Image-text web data
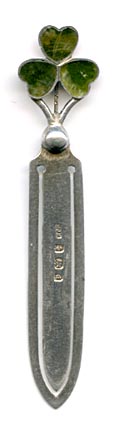 This bookmarks was made in England by William J. Holmes in 1903. The top is a three leaf clover in connemara marble.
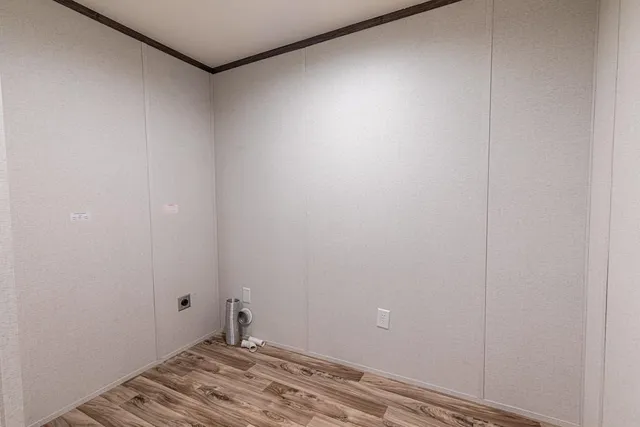 a room with a exposed radiator and wooden floor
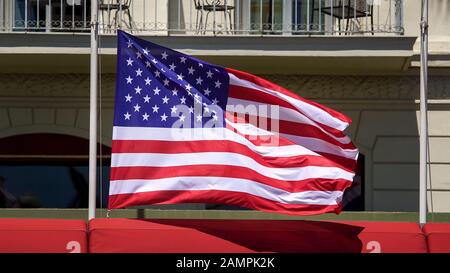 Amerikanische Flagge flattert auf dem Pfosten vor dem Bau, Patriotismus, Demokratie Stockfoto
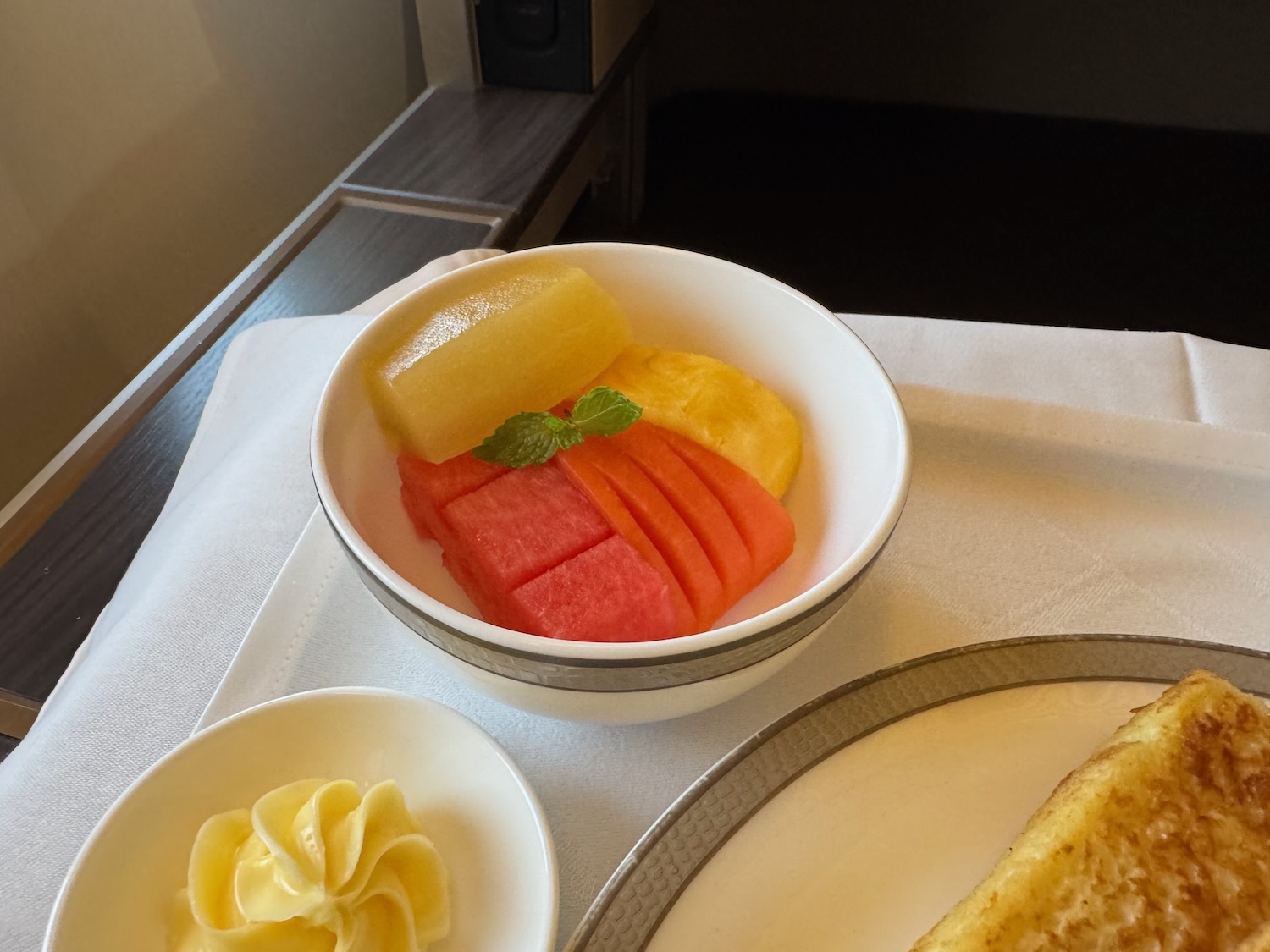 a bowl of fruit on a table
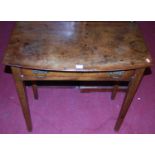An early 19th century provincial mahogany bowfront single drawer side table, w.76.5cm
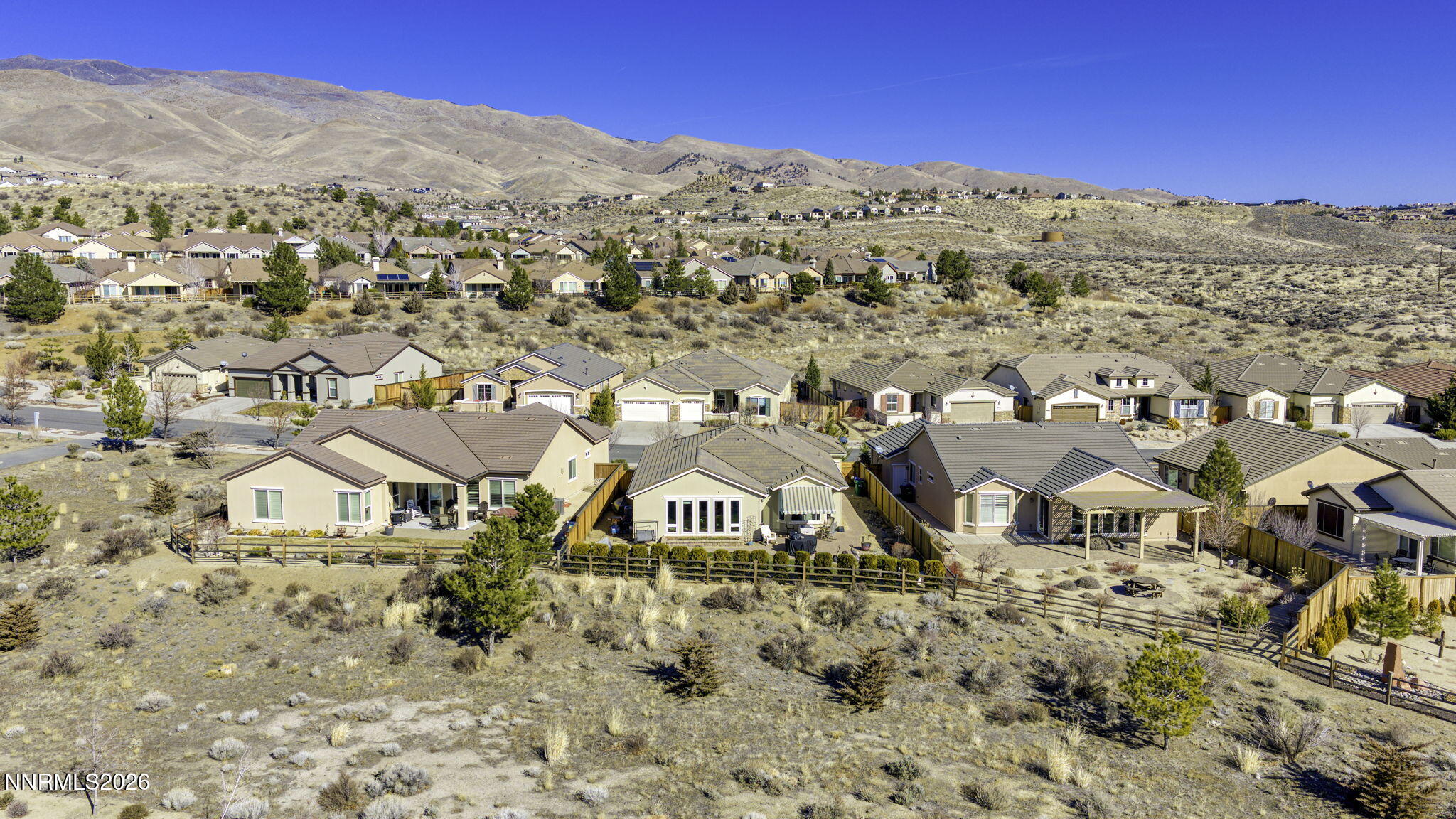 9111 Kenton Trail Reno, NV 89523 - Photo 45 of 49 a view of a house with a mountain in the background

**WHAT NEEDS TO BE DONE:**
The expected answer is the data retyped exactly, without pictures.

**WRITTEN SOLUTION:**
 This bookmarks was made in England by William J. Holmes in 1903. The top is a three leaf clover in connemara marble.
 a room with a exposed radiator and wooden floor
 Amerikanische Flagge flattert auf dem Pfosten vor dem Bau, Patriotismus, Demokratie Stockfoto
 a bowl of fruit on a table
An early 19th century provincial mahogany bowfront single drawer side table, w.76.5cm
 9111 Kenton Trail Reno, NV 89523 - Photo 45 of 49 a view of a house with a mountain in the background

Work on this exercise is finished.